**Directions:**
Write out the whole listing exactly; no images belong in it.

*** Opening Source material ***

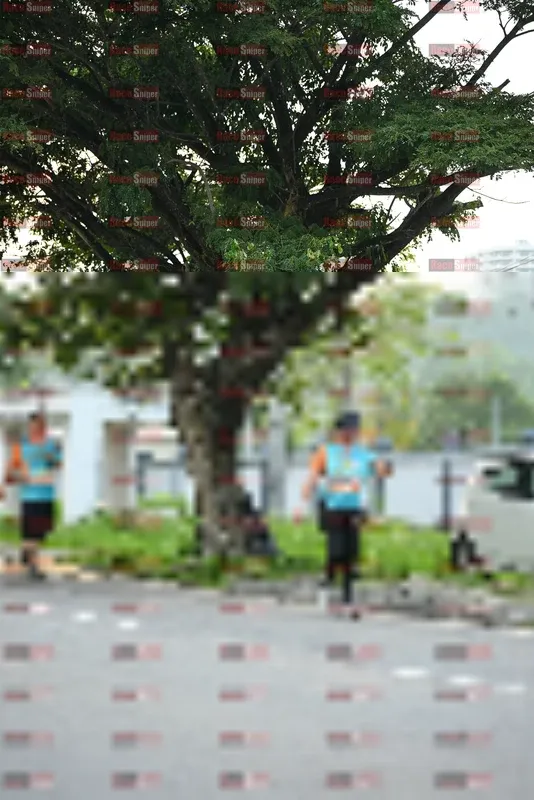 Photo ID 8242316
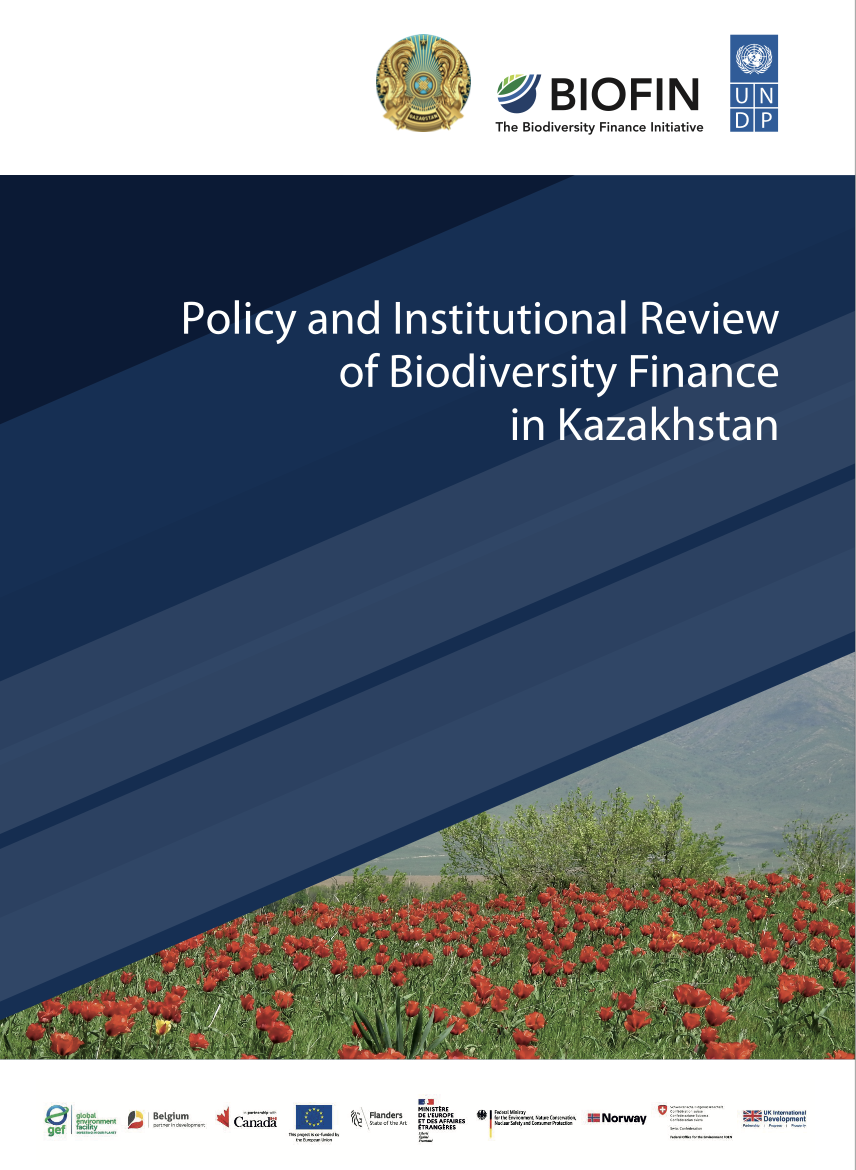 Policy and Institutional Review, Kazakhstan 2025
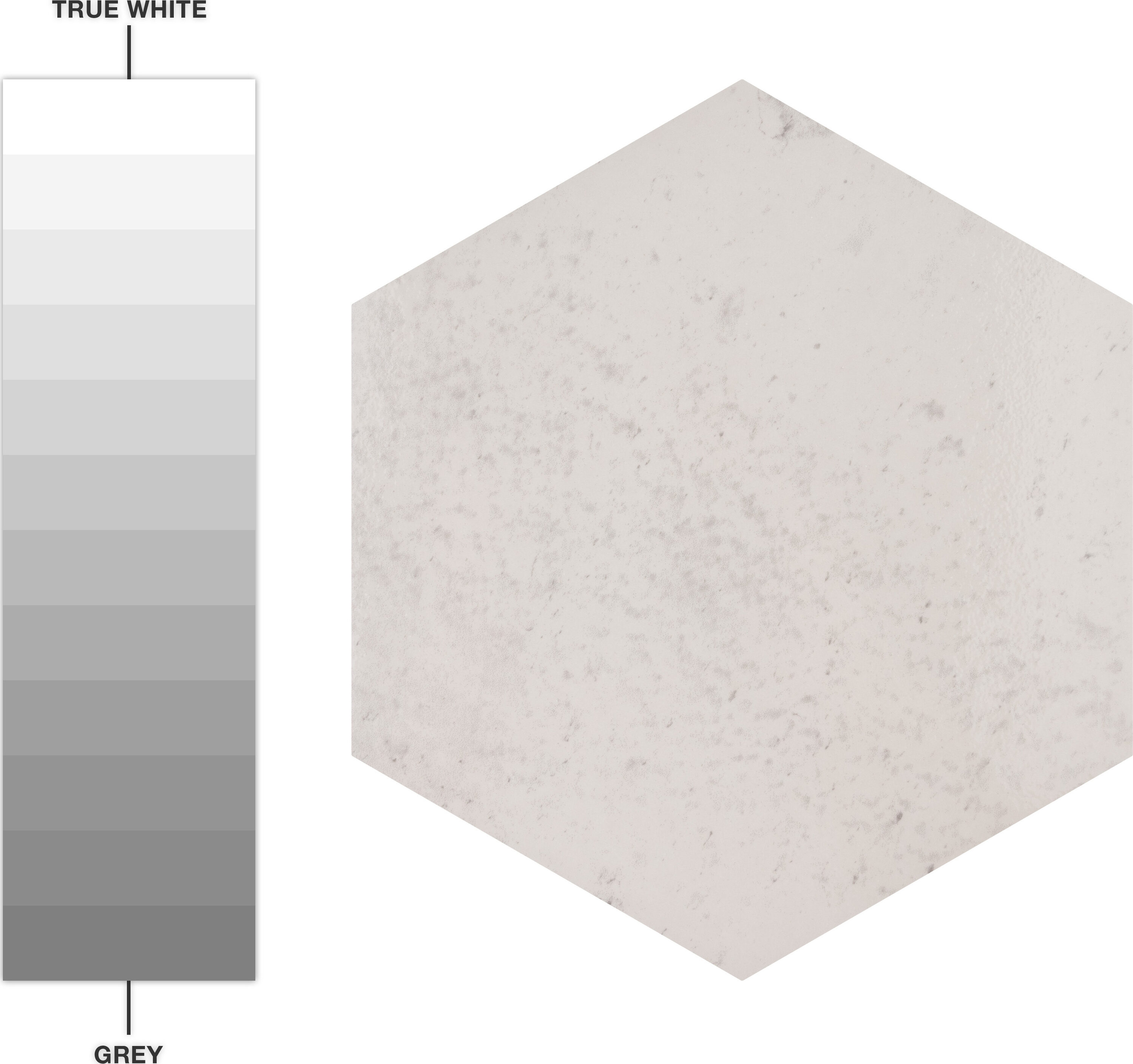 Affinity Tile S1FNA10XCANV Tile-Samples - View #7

*** Closing Source material ***

**Result below:**
 Photo ID 8242316
 Policy and Institutional Review, Kazakhstan 2025
 Affinity Tile S1FNA10XCANV Tile-Samples - View #7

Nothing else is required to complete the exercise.